▶ Information shown
╔══

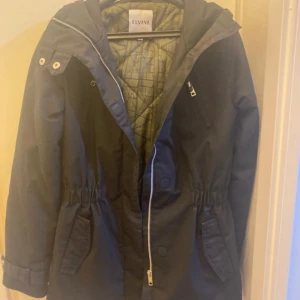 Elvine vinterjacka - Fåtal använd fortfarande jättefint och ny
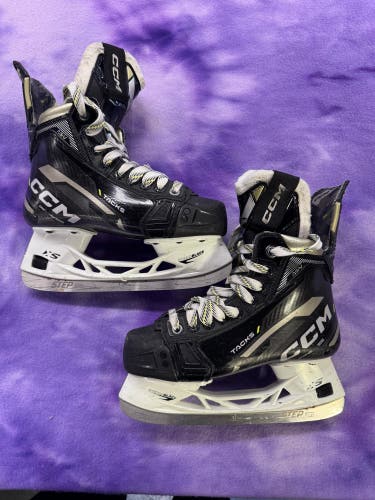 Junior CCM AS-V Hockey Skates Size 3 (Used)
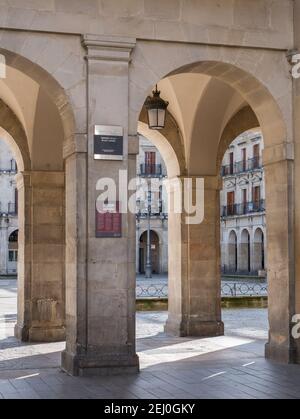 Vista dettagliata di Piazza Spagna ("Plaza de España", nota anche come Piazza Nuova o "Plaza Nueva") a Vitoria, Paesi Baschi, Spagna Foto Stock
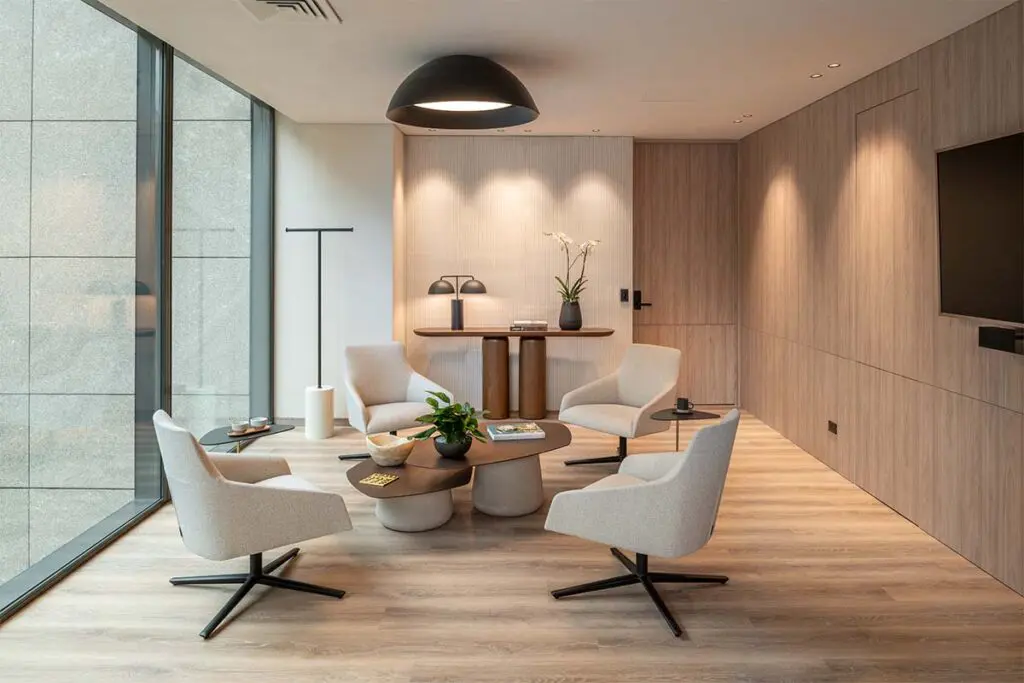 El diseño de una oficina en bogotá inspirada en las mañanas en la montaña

╚══

▶ Work to complete
The lines from the one with "Junior CCM AS-V Hockey Skates Size 3 (Used)" to the end of the data above should be retyped exactly, both ends included, and pictures are to be left out.

▶ Response area
 Junior CCM AS-V Hockey Skates Size 3 (Used)
 Vista dettagliata di Piazza Spagna ("Plaza de España", nota anche come Piazza Nuova o "Plaza Nueva") a Vitoria, Paesi Baschi, Spagna Foto Stock
 El diseño de una oficina en bogotá inspirada en las mañanas en la montaña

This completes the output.